Tuesday, 27 April 2010

MAKING YOUR MIND UP

Bucks Fizz conquered Europe with a song with this title at the Eurovision Song Contest in 1981! If you want a reminder check it out. You'll find it on you tube. Yes that really is Terry Wogan! This phrase always leads me to sing the song, but it also reminds me how difficult it is to make my mind up at times.

On Sunday we held the Election Hustings in Fareham and listened to 5 of the candidates tackle a number of questions. It was a great evening - 250 people from the churches in Fareham attended - we heard from them, watched them, challenged them, but at the end of it, I still have to make up my mind who to vote for.

There are so many things that I have to make my mind up about and different people will have different perspectives on the same thing. Book reviews, film reviews, music, people, changes... so many views, so many opinions.

Take this 20 minute film. It's called 'The Butterfly Circus' and is tagged with the word Hope. If you have 20 minutes, watch it. www.thedoorpost.com/hope/film/?film=4dd298f102c77b625cf37a9e7744ac68 Is it weird or wonderful or what? I think it is beautifully shot, a powerful message, but is it good or bad, brilliant or barmy? I'm not sure. What do you think?

Or what about 'Pope-gate', the fuss over the circulated memo from the Foreign Office. It was the top headline on Sunday morning and caused a variety of opinions to be shared. The Catholic Voice spokesperson shrugged his shoulders about it whilst the news reporter wanted him to denounce it so the story could run and run. It soon slipped down the headline list. Were you disgusted by it or did you laugh about it?

I've been reading Philip Pullman's book - The Good Man Jesus and the Scoundrel Christ - and I'm still not sure what to make of it. It seems he is just using the Bible text and adding little to it - pretty lazy writing and a bit rich putting his name to what someone else has written.
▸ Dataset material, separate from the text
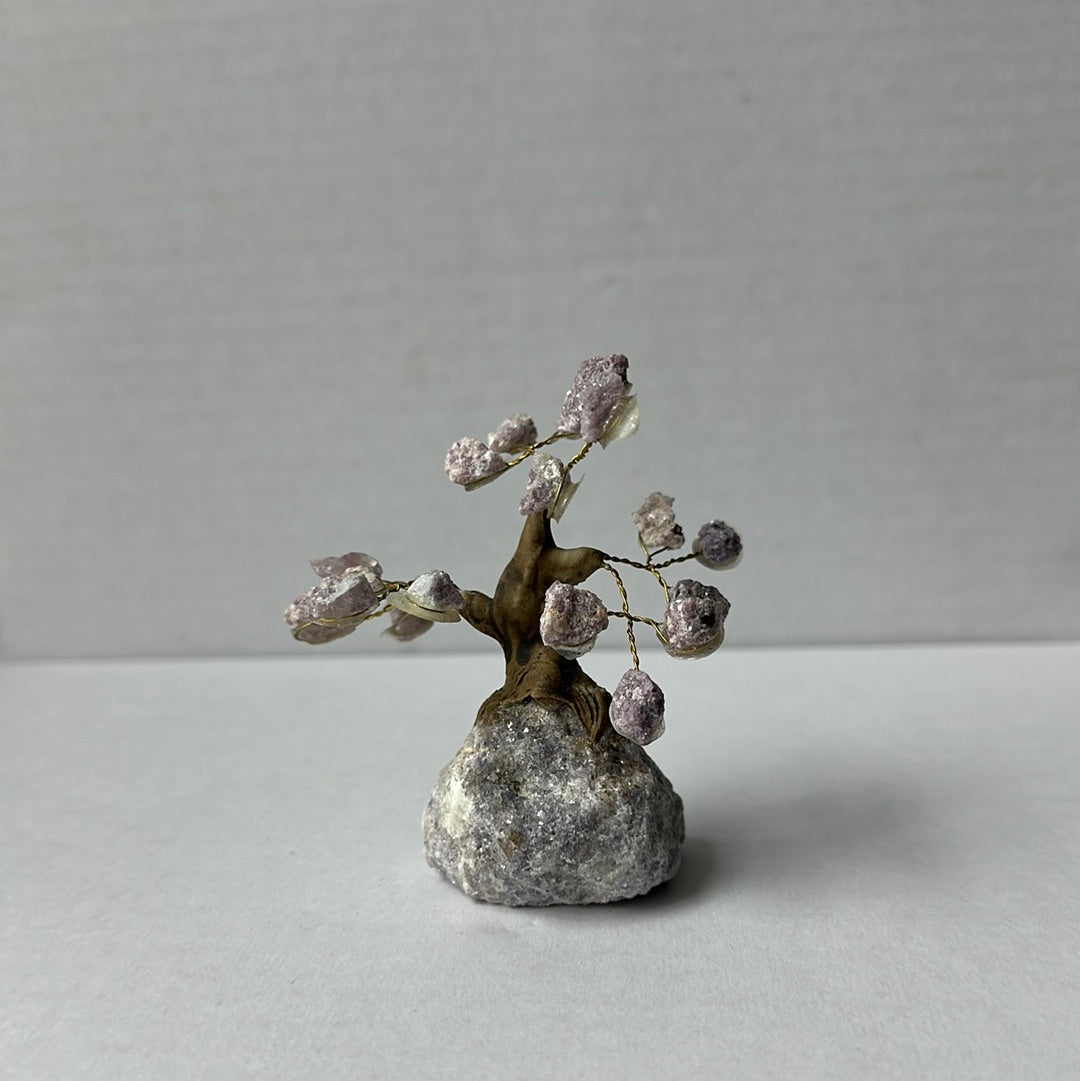 Mini Bonsais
Then he'll add something so bizarre that you wonder if he is just being controversial for the sake of it, but then he'll say something that surprises you and actually gives you hope that he might just understand who Jesus really is.

My hope is that as people read the book they'll want to check out the Bible story of Jesus, because no matter that Philip Pullman doesn't believe Jesus was divine, what Jesus did was remarkable and strange and different and it might just get people thinking. Perhaps then they'll be able to make their mind up about Jesus.